Task statement = Down to the last line, retype the records below exactly and skip the pictures.

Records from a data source
━━━━━━━━━━━━━━━━━━━━━━━━━━━━━━

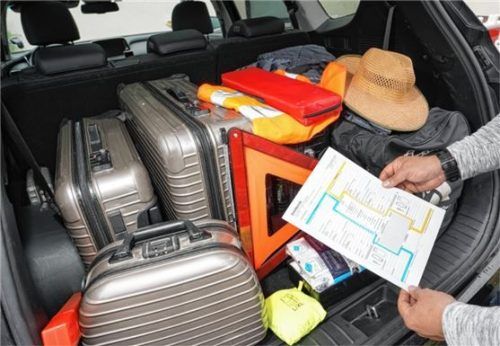 Gehört ins Urlaubsgepäck: der Europäische Unfallbericht. Foto ampnet/ HUK-Coburg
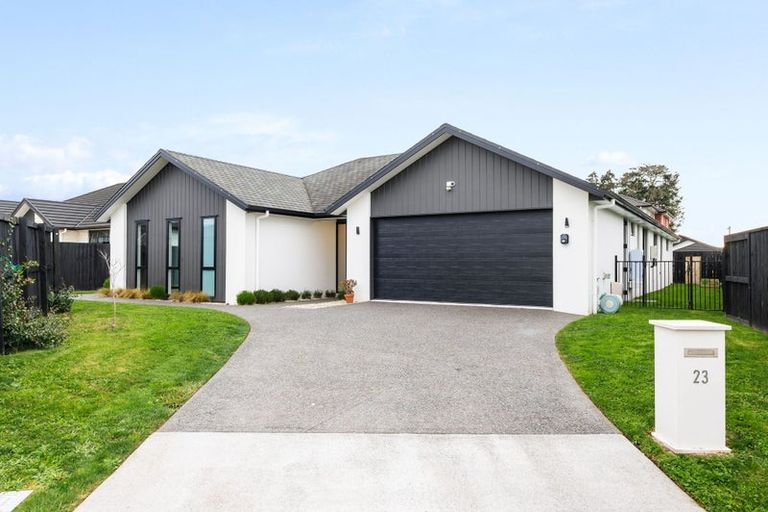 Photo of property in 23 Sydney Place, Flagstaff, Hamilton, 3210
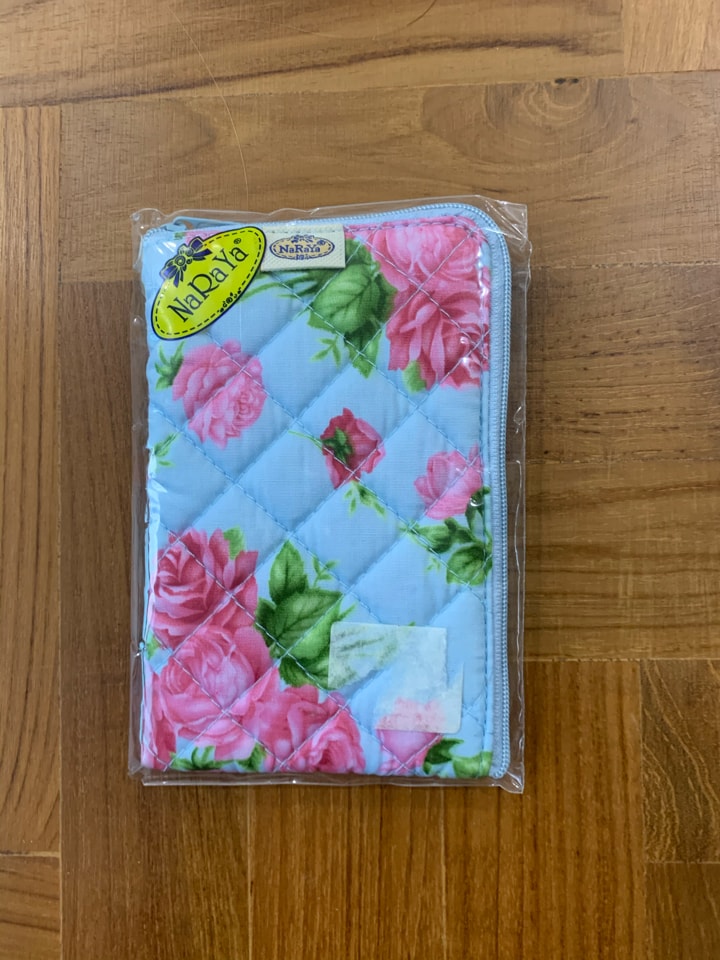 naraya pouch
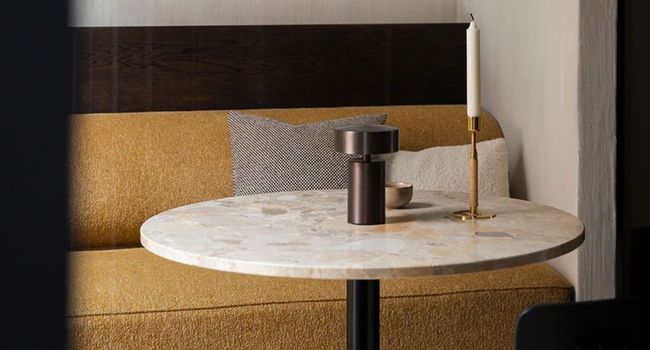 Audo Lampe Column Tischleuchte auf Beistelltisch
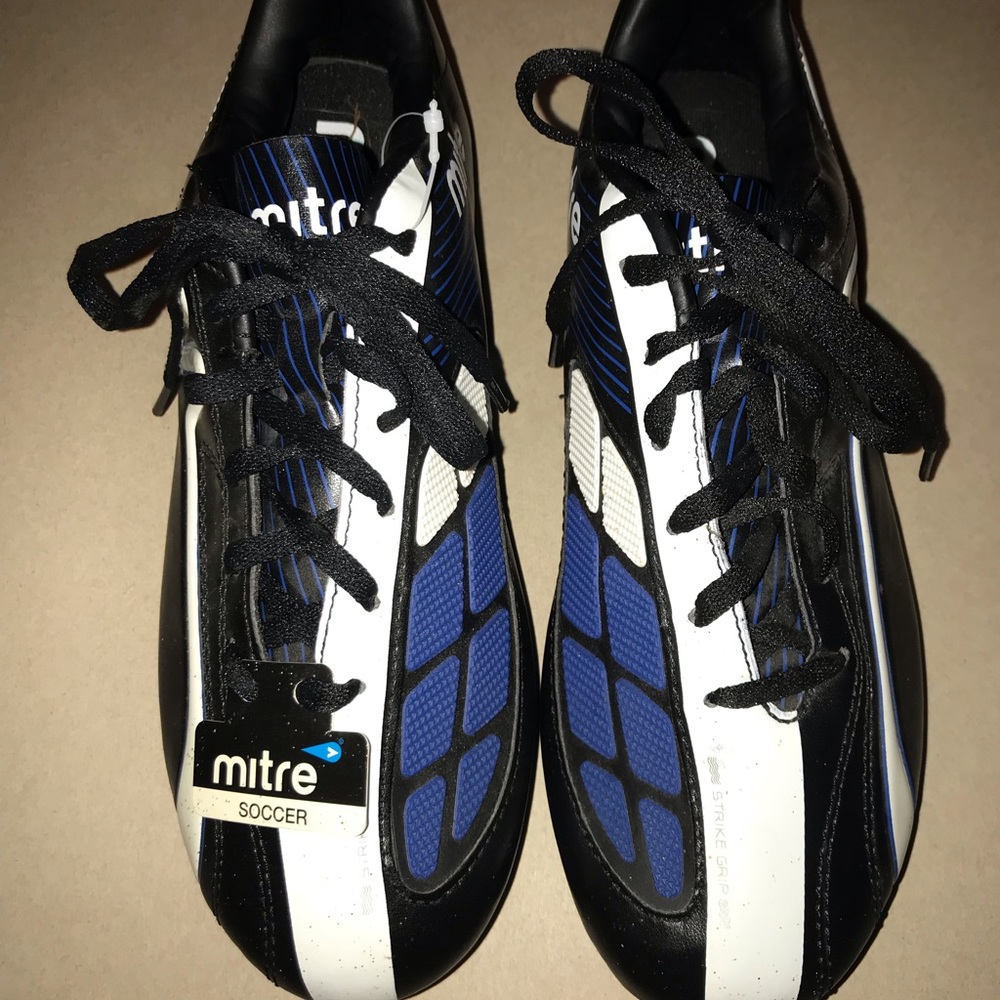 Soccer cleats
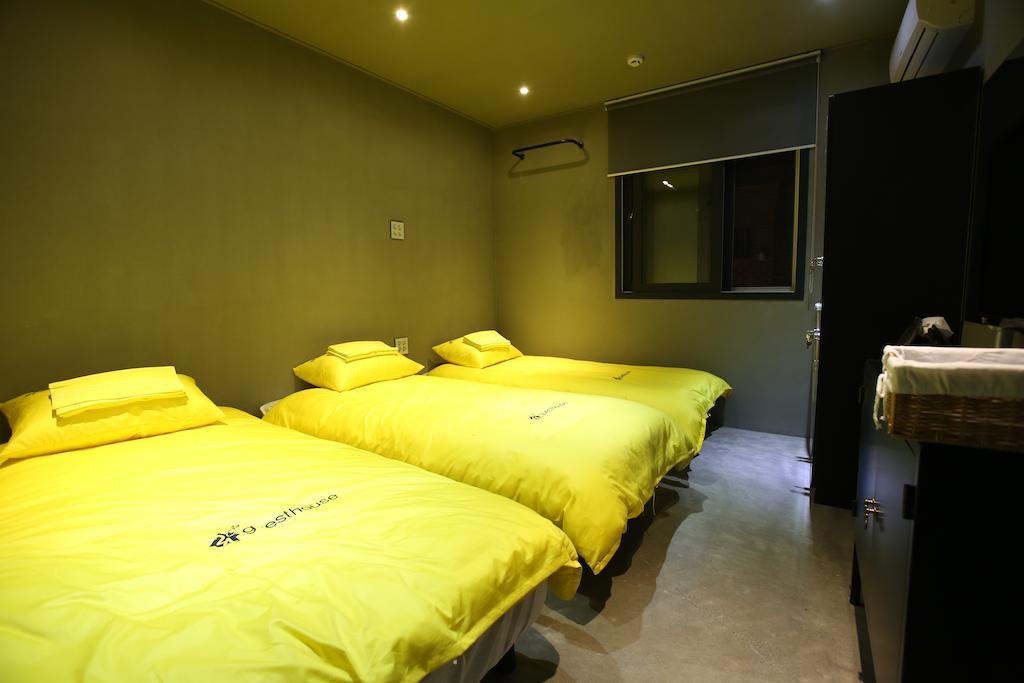 24 Guesthouse Garosugil - Gangnam Seul Oda fotoğraf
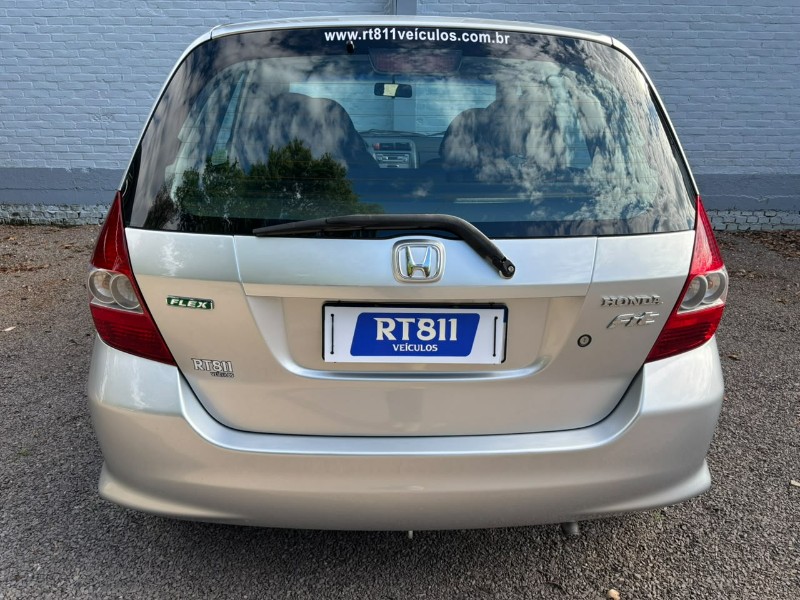 HONDA FIT LX /2008 RT 811 VEÍCULOS ARROIO DO MEIO / Carros no Vale HONDA FIT LX /2008 RT 811 VEÍCULOS ARROIO DO MEIO / Carros no Vale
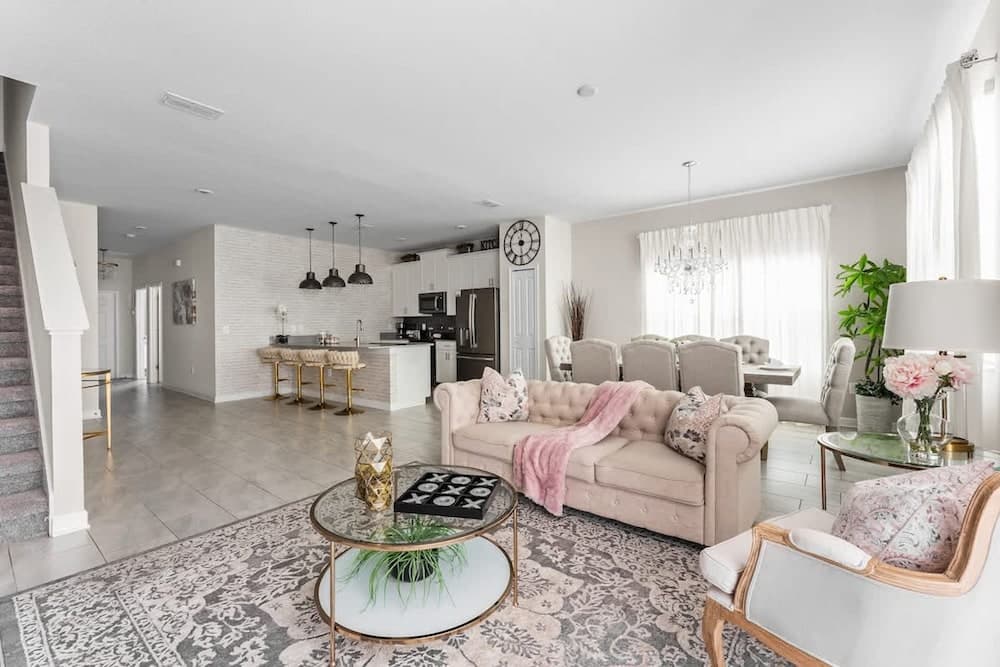 Themed Pixie - Image 2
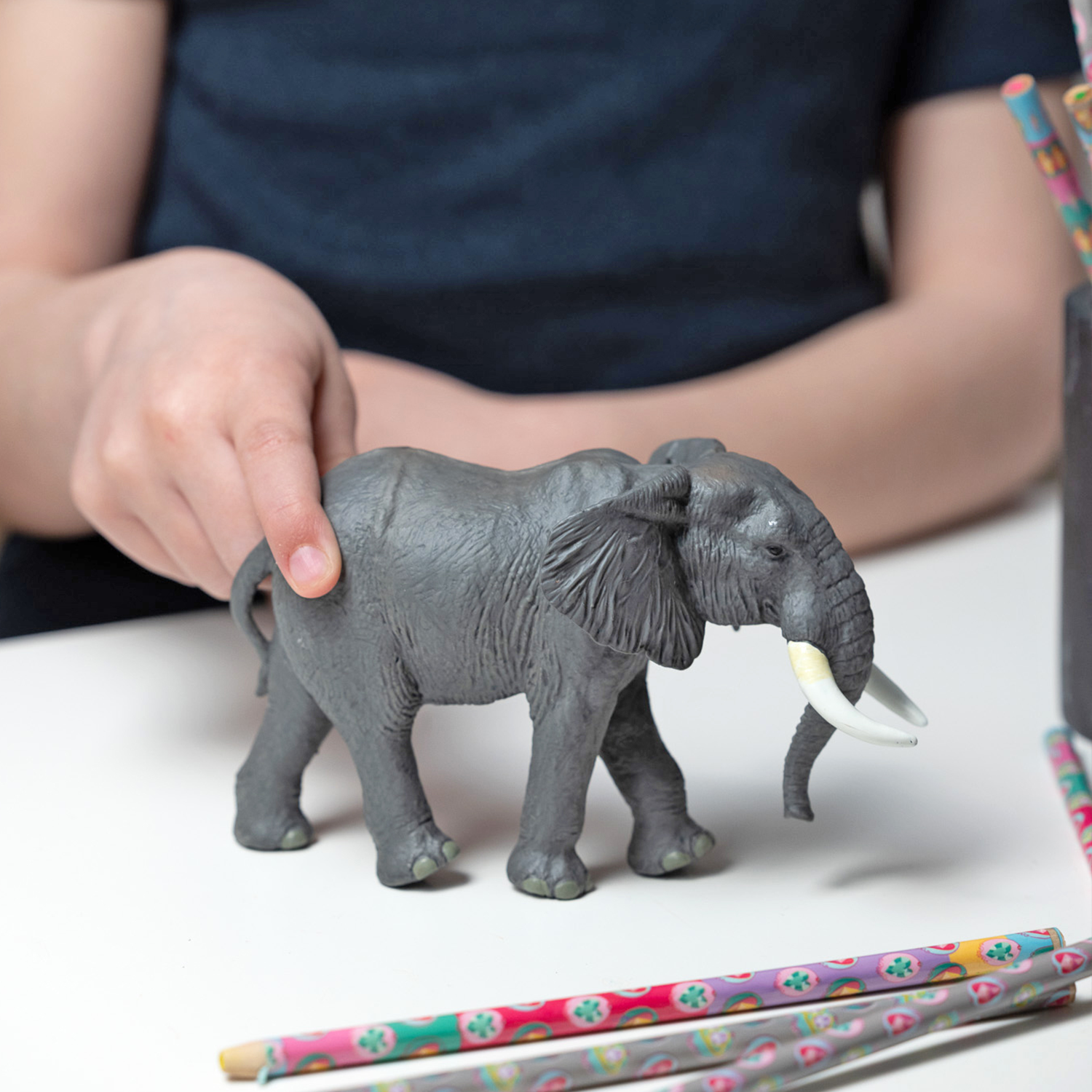 papo-wildlife-afrikanischer-elefant-tierfigur-savanne image 2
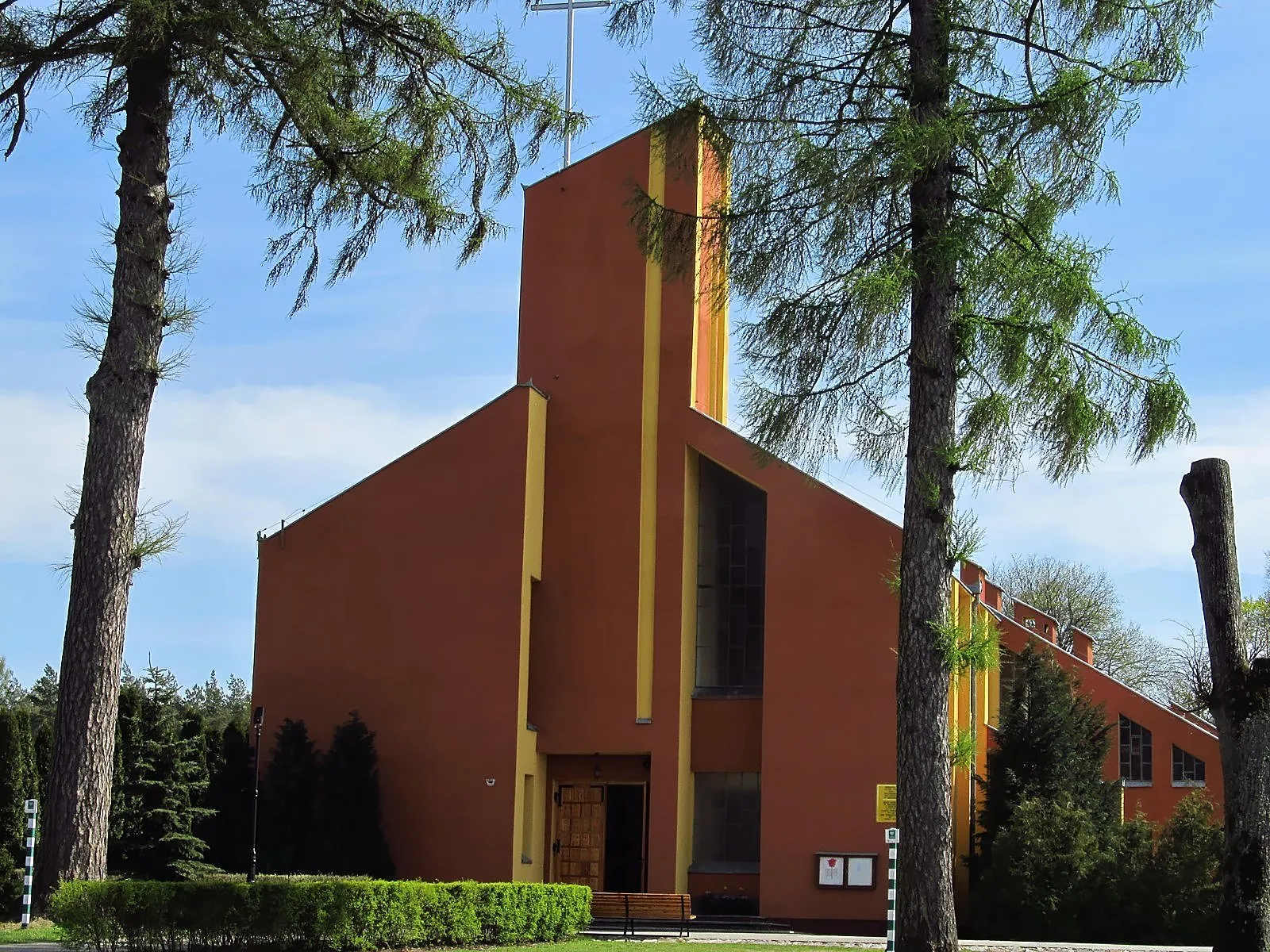 Photo showing: Church of Saint Joseph in Mokre, Poland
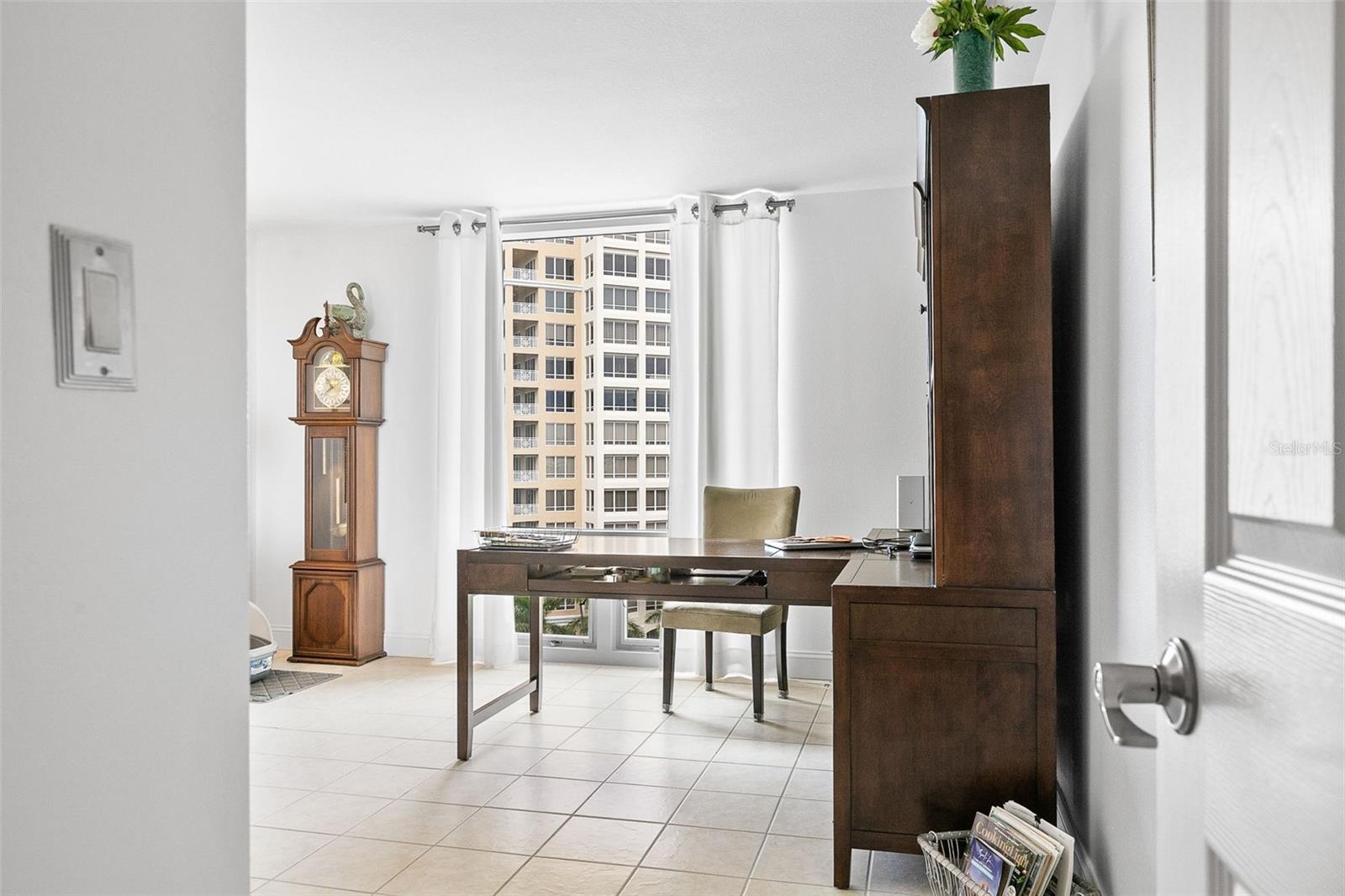 ONE WATERGATE - Residential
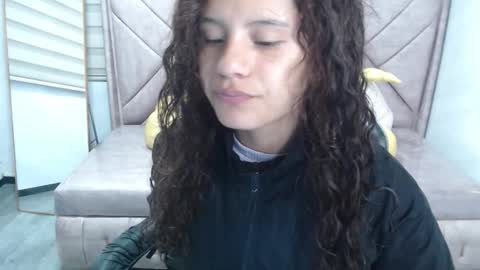 velvet_moon_v online show from September 2025 01:02:01 PM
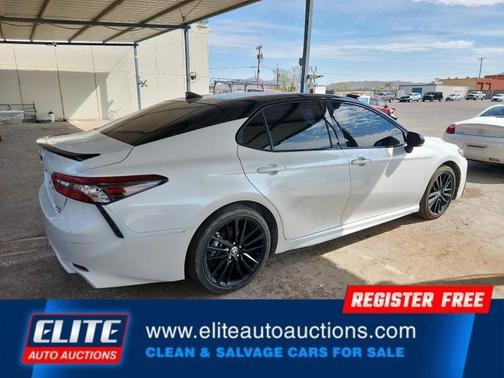 2024 Toyota Camry Hybrid SE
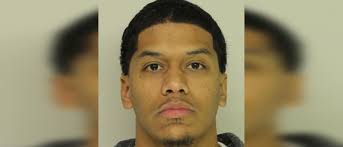 Upper-level" drug dealer wanted by police after 2,000 bags of heroin seized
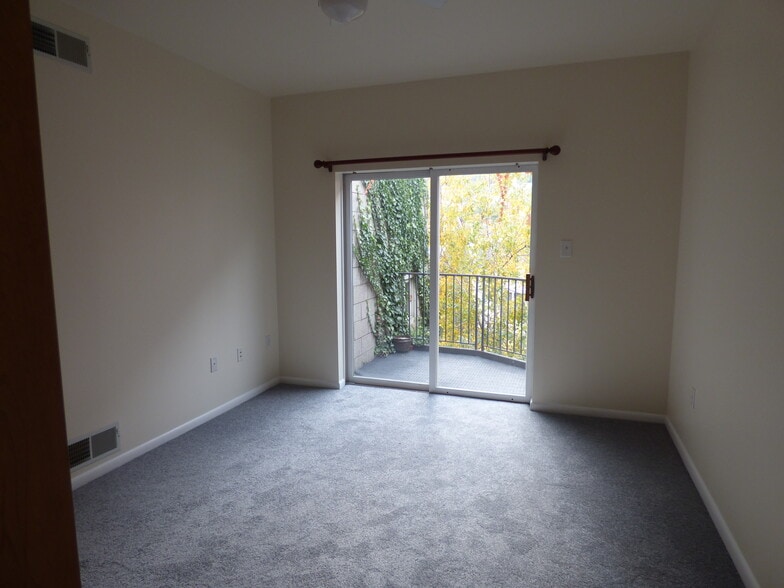 Building Photo - 1824 Carey Way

━━━━━━━━━━━━━━━━━━━━━━━━━━━━━━

Finished task =
 Gehört ins Urlaubsgepäck: der Europäische Unfallbericht. Foto ampnet/ HUK-Coburg
 Photo of property in 23 Sydney Place, Flagstaff, Hamilton, 3210
 naraya pouch
 Audo Lampe Column Tischleuchte auf Beistelltisch
 Soccer cleats
 24 Guesthouse Garosugil - Gangnam Seul Oda fotoğraf
 HONDA FIT LX /2008 RT 811 VEÍCULOS ARROIO DO MEIO / Carros no Vale HONDA FIT LX /2008 RT 811 VEÍCULOS ARROIO DO MEIO / Carros no Vale
 Themed Pixie - Image 2
 papo-wildlife-afrikanischer-elefant-tierfigur-savanne image 2
 Photo showing: Church of Saint Joseph in Mokre, Poland
 ONE WATERGATE - Residential
 velvet_moon_v online show from September 2025 01:02:01 PM
 2024 Toyota Camry Hybrid SE
 Upper-level" drug dealer wanted by police after 2,000 bags of heroin seized
 Building Photo - 1824 Carey Way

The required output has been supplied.